All screenplays on the simplyscripts.com and simplyscripts.net domain are copyrighted to their respective authors. All rights reserved. This screenplaymay not be used or reproduced for any purpose including educational purposes without the expressed written permission of the author.
Slit by c. jarrell gentry (jarrell1203) - Short - This is a story of a woman's descent into insanity. It's "Basic Instinct" meets "Fatal Attraction." 21 pages - pdf, format
Reviewing other people's work, or atleast letting them you're actually here, will get your script read faster.
On to the script....
I had two problems with this script. The first was that it was rushed. The story could be stretched out to feature length and, given the story, should be. I got the impression that it was rushed because you didn't develope the characters as well as they could be. I know that this can be difficult in shorts but if no one cares about the character then one will care what happens to the character.

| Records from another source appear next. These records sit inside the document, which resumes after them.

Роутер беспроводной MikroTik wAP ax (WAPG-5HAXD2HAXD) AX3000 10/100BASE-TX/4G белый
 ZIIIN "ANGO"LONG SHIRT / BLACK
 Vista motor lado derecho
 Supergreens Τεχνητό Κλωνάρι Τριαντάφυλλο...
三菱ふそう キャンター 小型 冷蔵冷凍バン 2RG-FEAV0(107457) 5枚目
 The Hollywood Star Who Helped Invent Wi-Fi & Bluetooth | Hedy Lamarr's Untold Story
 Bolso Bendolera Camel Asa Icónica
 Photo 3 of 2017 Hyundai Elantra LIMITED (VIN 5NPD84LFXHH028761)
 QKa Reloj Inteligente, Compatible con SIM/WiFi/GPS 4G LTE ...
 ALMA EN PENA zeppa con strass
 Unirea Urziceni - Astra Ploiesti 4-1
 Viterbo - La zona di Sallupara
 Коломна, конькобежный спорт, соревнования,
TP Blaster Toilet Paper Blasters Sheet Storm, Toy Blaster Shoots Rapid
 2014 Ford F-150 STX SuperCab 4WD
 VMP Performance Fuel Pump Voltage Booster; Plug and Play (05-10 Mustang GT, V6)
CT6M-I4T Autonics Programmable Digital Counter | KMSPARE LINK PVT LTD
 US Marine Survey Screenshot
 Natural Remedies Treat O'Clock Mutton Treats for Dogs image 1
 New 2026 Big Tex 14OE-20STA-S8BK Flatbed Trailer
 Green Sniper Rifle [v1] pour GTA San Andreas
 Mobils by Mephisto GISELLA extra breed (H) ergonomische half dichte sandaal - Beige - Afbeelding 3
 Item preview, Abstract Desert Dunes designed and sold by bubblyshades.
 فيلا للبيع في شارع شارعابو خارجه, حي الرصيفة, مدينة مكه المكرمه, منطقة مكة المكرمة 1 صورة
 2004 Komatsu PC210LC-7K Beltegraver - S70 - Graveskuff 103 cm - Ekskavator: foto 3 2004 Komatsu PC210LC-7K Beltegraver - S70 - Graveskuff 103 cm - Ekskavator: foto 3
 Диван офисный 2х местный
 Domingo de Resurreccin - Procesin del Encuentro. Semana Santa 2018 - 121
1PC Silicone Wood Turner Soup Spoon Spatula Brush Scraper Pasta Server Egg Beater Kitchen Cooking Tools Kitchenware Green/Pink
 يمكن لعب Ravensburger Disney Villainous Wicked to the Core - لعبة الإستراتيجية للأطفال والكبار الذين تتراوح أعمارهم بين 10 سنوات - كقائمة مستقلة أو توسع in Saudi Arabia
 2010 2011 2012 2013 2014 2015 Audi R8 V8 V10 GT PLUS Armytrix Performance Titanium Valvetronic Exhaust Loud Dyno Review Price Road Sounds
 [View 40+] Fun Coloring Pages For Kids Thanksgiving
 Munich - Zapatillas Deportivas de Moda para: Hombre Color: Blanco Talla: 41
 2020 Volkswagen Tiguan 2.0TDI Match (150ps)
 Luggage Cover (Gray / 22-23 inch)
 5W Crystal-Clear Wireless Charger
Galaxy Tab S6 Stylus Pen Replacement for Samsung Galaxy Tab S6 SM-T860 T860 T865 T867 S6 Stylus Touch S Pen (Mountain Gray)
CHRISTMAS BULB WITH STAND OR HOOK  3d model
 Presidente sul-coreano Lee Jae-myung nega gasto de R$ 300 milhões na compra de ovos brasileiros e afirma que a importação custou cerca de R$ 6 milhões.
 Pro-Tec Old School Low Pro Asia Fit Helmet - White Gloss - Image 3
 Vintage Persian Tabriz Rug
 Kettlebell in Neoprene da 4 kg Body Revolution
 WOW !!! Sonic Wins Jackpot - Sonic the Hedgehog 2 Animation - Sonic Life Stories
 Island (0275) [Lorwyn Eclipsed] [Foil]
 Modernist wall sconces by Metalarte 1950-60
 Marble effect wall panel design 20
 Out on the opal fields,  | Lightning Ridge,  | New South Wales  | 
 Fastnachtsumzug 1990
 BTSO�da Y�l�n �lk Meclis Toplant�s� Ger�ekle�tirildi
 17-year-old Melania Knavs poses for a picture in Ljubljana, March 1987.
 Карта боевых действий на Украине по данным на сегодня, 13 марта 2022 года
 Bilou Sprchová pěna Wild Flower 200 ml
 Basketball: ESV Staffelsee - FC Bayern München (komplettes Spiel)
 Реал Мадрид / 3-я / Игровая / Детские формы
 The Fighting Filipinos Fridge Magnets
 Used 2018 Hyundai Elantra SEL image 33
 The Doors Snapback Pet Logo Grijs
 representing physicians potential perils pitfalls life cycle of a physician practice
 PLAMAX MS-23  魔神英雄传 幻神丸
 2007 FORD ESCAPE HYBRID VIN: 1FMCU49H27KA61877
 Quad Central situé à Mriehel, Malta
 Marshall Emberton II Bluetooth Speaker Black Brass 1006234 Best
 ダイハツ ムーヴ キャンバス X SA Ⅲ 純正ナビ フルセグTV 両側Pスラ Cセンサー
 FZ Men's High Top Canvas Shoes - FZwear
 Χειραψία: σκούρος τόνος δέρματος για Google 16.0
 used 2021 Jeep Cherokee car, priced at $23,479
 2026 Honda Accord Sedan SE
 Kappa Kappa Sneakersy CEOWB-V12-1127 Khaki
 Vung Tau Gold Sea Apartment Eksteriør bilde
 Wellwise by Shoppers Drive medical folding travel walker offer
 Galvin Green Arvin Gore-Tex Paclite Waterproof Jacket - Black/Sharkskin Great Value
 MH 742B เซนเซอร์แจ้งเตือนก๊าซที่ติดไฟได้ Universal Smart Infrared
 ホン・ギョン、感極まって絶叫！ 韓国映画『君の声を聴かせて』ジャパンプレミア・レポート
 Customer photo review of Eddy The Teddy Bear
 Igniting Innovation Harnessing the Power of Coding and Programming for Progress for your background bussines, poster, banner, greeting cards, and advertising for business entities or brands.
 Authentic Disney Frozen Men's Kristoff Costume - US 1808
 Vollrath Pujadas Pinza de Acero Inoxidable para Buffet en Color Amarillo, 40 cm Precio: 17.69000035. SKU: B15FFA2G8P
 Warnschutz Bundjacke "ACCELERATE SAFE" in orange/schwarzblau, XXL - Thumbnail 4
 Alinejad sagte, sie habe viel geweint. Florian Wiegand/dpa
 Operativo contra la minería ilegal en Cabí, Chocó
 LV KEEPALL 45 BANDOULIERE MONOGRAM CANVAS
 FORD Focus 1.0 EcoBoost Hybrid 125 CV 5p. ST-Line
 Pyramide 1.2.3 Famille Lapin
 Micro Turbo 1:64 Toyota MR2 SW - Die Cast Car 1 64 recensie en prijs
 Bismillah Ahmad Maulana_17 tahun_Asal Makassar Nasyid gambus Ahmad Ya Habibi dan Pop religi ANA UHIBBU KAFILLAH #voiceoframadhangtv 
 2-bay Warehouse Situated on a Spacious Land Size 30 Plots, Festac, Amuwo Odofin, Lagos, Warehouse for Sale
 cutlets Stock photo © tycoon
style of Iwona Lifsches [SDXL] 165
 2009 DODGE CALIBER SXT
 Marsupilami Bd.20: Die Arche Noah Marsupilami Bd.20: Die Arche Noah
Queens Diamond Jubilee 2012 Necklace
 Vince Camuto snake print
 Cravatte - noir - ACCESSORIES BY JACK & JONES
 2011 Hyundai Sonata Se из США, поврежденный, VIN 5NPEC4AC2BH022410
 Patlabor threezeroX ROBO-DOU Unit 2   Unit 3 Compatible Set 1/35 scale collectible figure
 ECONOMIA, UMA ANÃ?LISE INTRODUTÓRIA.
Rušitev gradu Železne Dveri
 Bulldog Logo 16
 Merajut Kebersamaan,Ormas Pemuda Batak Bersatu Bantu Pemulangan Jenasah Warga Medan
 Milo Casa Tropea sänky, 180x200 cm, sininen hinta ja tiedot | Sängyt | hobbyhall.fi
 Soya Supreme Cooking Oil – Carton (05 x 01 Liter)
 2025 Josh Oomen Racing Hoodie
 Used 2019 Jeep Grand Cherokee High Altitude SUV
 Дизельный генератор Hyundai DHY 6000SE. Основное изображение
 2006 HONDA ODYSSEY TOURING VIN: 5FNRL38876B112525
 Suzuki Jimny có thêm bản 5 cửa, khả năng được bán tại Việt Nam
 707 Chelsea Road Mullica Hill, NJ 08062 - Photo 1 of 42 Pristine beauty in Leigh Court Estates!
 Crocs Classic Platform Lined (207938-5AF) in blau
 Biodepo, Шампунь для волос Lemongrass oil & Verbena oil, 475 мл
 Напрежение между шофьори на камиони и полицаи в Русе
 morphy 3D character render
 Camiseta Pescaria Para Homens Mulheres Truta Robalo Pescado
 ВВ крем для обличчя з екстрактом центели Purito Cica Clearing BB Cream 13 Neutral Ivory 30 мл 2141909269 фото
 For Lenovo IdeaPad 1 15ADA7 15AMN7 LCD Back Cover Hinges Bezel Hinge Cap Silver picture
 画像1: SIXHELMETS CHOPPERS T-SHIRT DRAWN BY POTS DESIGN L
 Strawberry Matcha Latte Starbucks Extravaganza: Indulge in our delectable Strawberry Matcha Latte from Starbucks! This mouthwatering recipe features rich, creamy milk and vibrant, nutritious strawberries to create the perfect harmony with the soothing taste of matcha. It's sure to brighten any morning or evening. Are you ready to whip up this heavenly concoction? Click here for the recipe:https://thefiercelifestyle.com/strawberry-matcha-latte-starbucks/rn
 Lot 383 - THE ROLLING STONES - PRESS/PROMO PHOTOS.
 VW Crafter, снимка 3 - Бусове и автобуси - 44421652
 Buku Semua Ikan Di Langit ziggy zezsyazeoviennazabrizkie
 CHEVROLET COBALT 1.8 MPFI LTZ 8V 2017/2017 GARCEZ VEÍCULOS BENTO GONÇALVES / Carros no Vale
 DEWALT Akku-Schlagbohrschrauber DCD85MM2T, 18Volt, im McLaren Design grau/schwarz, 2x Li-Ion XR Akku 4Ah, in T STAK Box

The other problem concerns your dialogue. It's too on-the-nose. All the characters go straight to the point, immediately telling us what we have to know.
A good example of this happens at the art gallery when Ezekial approach Candice and says: "I had to come take a closer look at this piece and attempt to hold a conversation with the beautiful woman who has the sad expression on her face." You just dropped the entire situation on our laps in one sentence. Outside of people giving speaches, no one talks this direct. Work your way up to thing.
As I said earlier, I like the story. I just think it needs to be fleshed out.
thanks phil, its funny you said that because i'm actually working on the feature length form of this short. I did it because i wanted to send a friend a short version of what i'm working on. thank you for the input, i will be posting the feature length version of the story on this site soon, so i will be looking forward to your opinion.